But of course I'm not the type of person who would flaunt my riches to draw the envy of my neighbours. 
n8


----------



## viviciousGTI (Apr 17, 2004)

*Re: (natrixGLI)*

you can get a new GALLARDO sent to your house by HORSELESSCARRIGE in paterson NY where I'm from or any 
car you want even the most exotic cars in this world like
the new MASSERATI 4 dr hot stuff good luck! http://****************.com/smile/emthup.gif


----------



## BlueVRT (Sep 22, 2003)

*Re: (viviciousGTI)*


_Quote, originally posted by *viviciousGTI* »_you can get a new GALLARDO sent to your house by HORSELESSCARRIGE in paterson NY where I'm from or any 
car you want even the most exotic cars in this world like
the new MASSERATI 4 dr hot stuff good luck! http://****************.com/smile/emthup.gif 

i just took out a new quatroporte maserati it was fun kind of distracting to be watching channle 5 news doing 110 mph on the highway though


----------



## 2Cor (Feb 18, 2003)

*Re: (viviciousGTI)*


_Quote, originally posted by *viviciousGTI* »_you can get a new GALLARDO sent to your house by HORSELESSCARRIGE in paterson NY where I'm from or any 
car you want even the most exotic cars in this world like
the new MASSERATI 4 dr hot stuff good luck! http://****************.com/smile/emthup.gif 

Do you mean Patterson NJ, b/c Patterson NY is a sad sad little town.


----------



## mr getta (Oct 11, 2002)

*Re: (dragnfly23)*


_Quote, originally posted by *dragnfly23* »_Can everybody in this forum chip in some dough so I can get a new GTI VR6 http://****************.com/smile/emthup.gif 
Help the poor


----------



## g60_corrado_91 (Oct 25, 2004)

*Re: (VWfanatik15)*


_Quote, originally posted by *VWfanatik15* »_Just an idea, Im guessing you like the car for its exoticness so to speak. And not to start a flame war, but your paying for the name Lamborghini. Ide concider driving a porsche Turbo. Servicing costs isnt nearly as bad. Engine needs less servicing as well if you treat it right. Oh, and as far as handling and power, well anyones whos owned a turbo, whether it a 930, 933, or 996 know they are an amazing car. I look forward to purchasing mine at the german factory sometime soon. But again it might not be the eye catcher your looking for.

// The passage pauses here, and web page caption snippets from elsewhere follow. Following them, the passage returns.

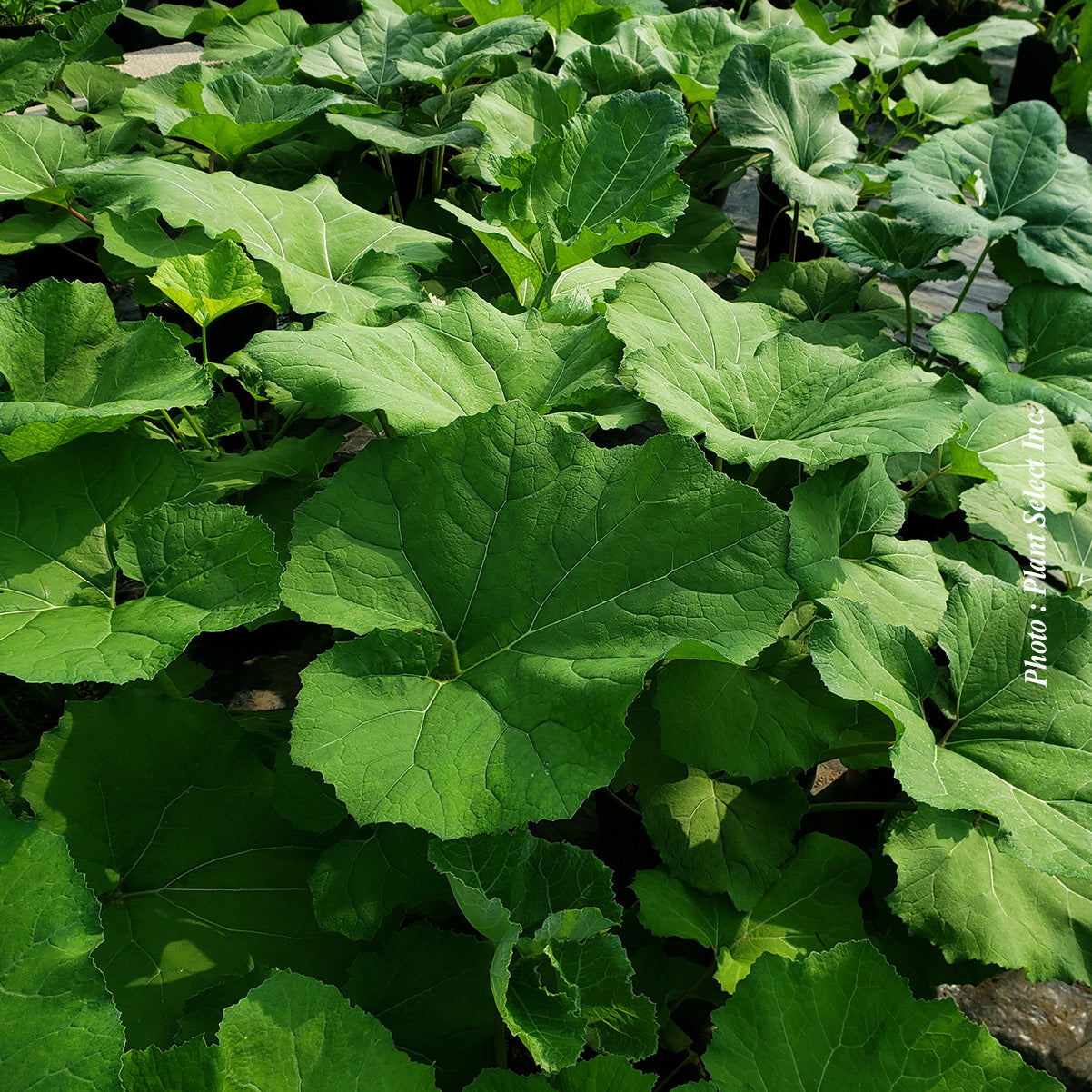 Petasites japonicus var. giganteus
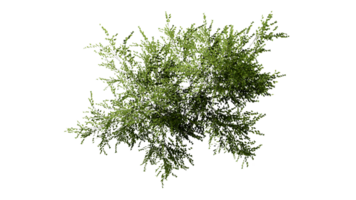 3D Top view Green Trees Isolated on PNGs transparent background , Use for visualization in architectural design or garden decorate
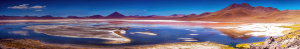 Laguna Colorada, Altiplano, Bolivia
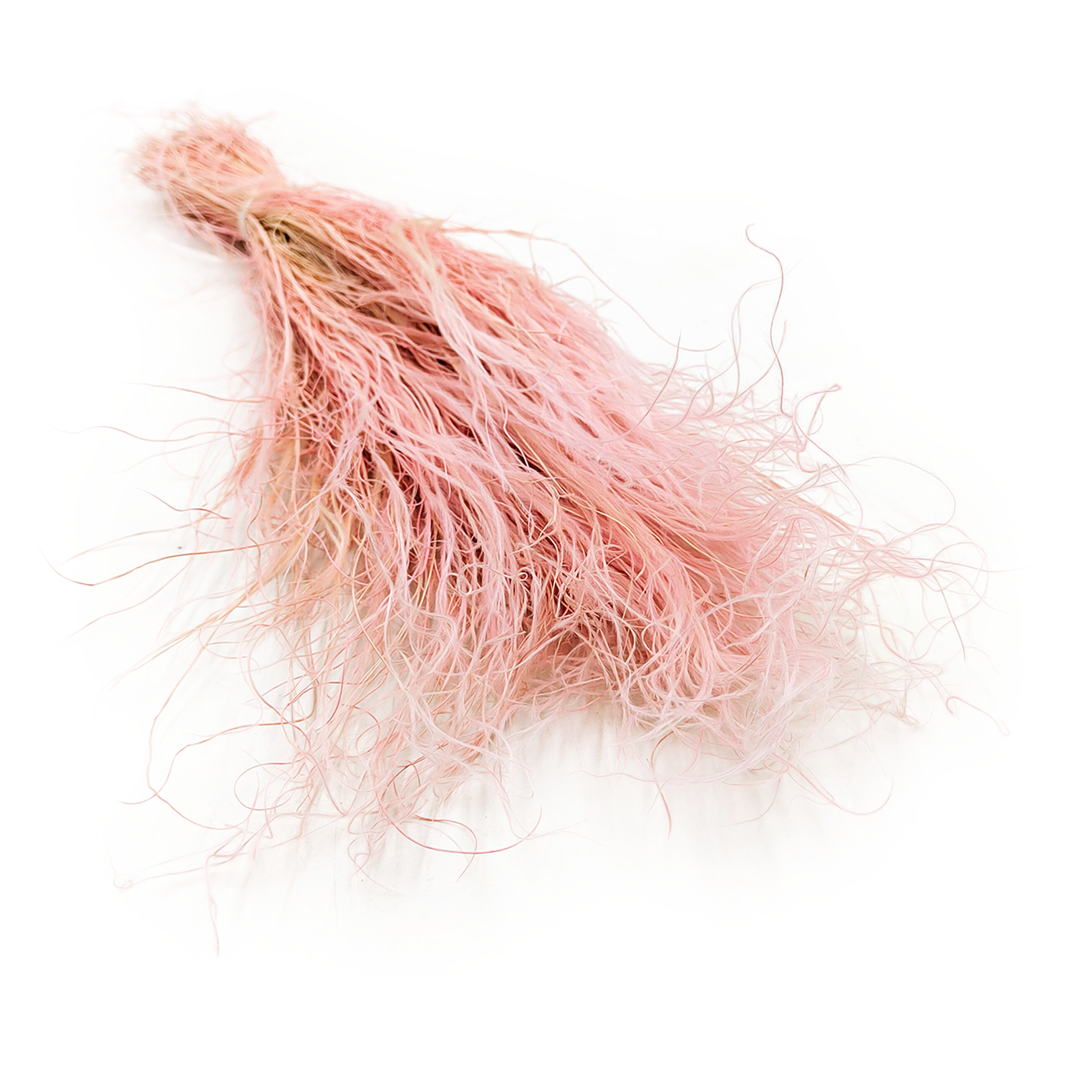 Federgras Getrocknete - (Stipa pennata) - Heidekraut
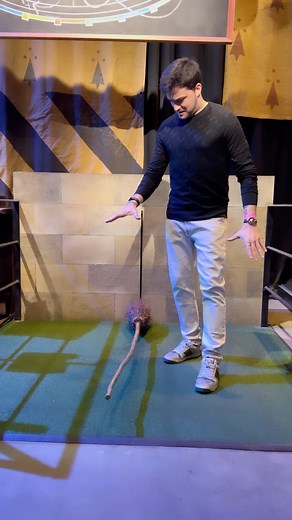 Felipe Neto 🦉 on Instagram: "UP!"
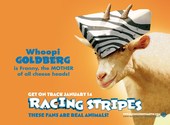 Racing Stripes Fonds d'écran
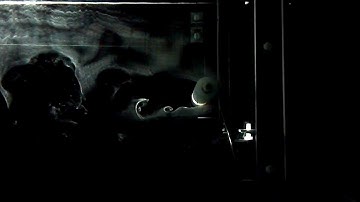 FSU/FAMU COE Towing Tank - Vortex Shedding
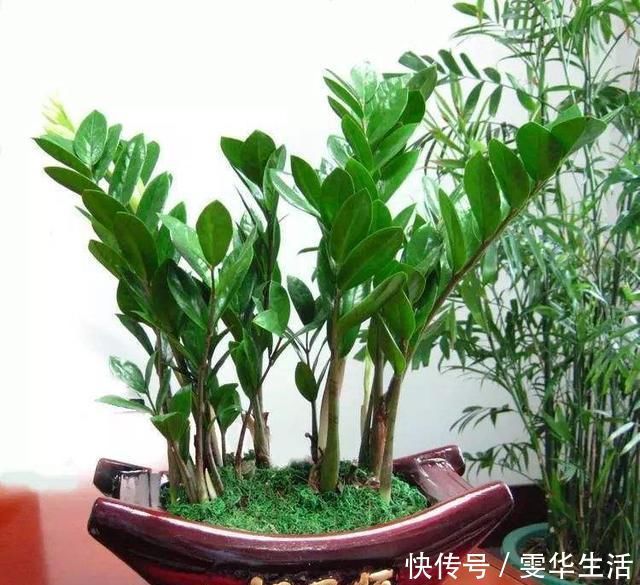 阳台|这几种花远离阳台,温度一高就晒黄叶,一时半会无法返青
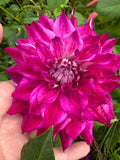 Allen's Bella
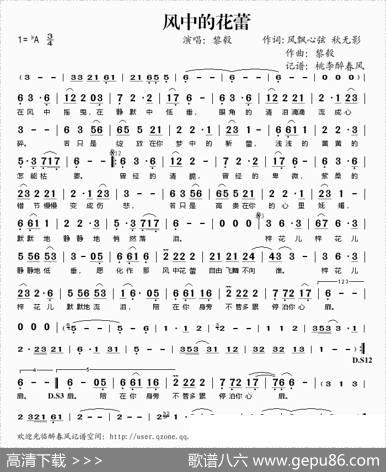 风中的花蕾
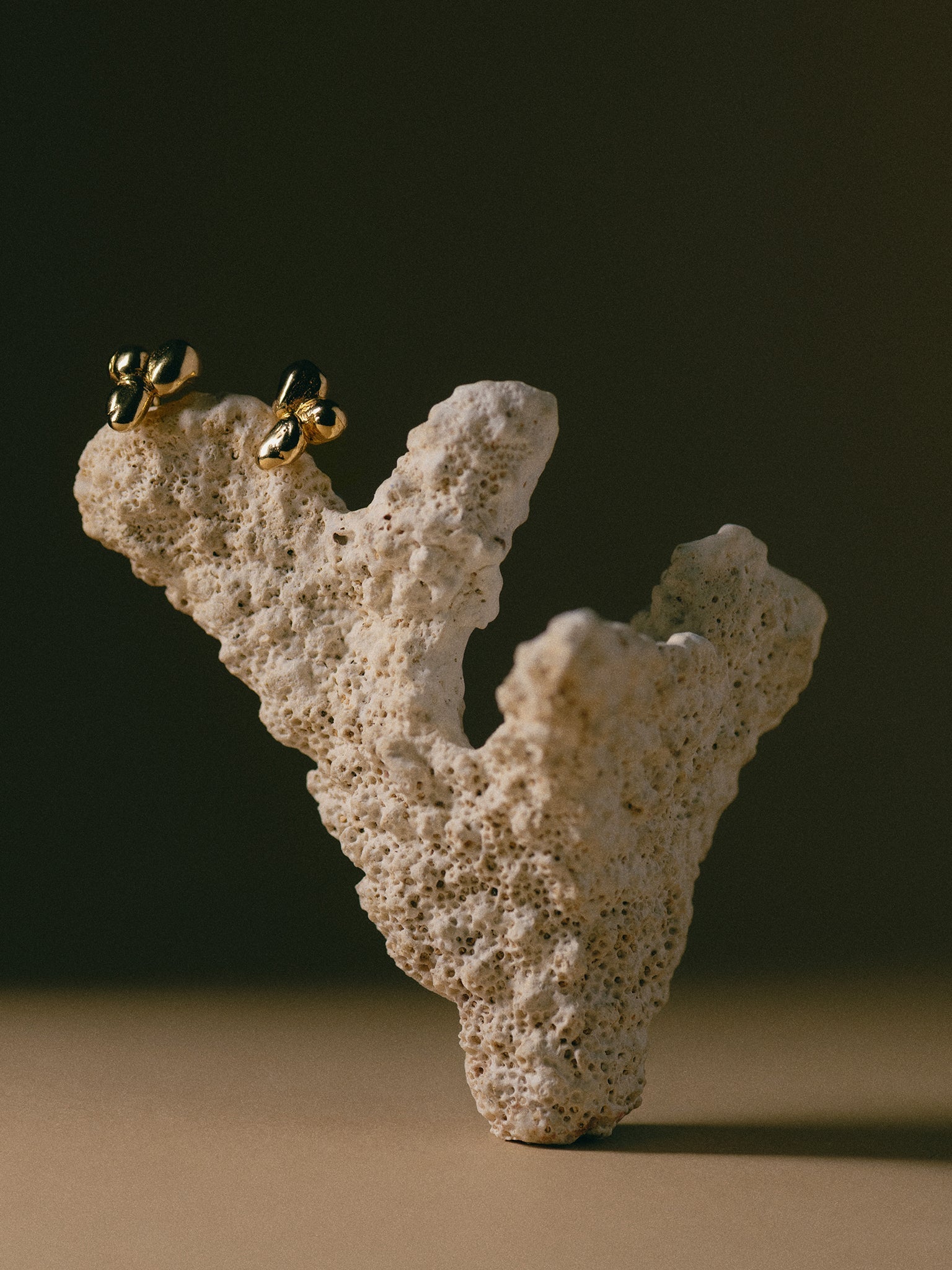 Pebbles Earrings 14k Gold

Better yet, what about the Porsche Carrera GT? That's exotic for sure. It competes with the Enzo, the Ford GT, the Murcielago, and just about every other new supercar out there. It costs a helluva lot of money though


----------



## ClassyVr6 (Sep 15, 2004)

*Re: (dragnfly23)*


_Quote, originally posted by *dragnfly23* »_Can everybody in this forum chip in some dough so I can get a new GTI VR6 http://****************.com/smile/emthup.gif 
Help the poor









LMAO!!















And Buy an Aston Martin, truely british car, doubt there very common.....







What i would do to own a Vanquish or DB7..


----------



## mk_ultra' (Oct 10, 2004)

*Re: Diablo costs? (gtivinny)*


_Quote, originally posted by *gtivinny* »_There is a saying in the Lambo-world, if you can't pay cash don't buy one.So if this info was helpfull please send the $30,000 to my Paypal account [email protected] 

i tried sending you some money. You sure its your Paypal account ? LOL


----------



## MJ12Doc. (Feb 24, 2005)

*Re: Diablo costs? (mk_ultra')*

If you want something cool. Get and Aston Martin DB9R


----------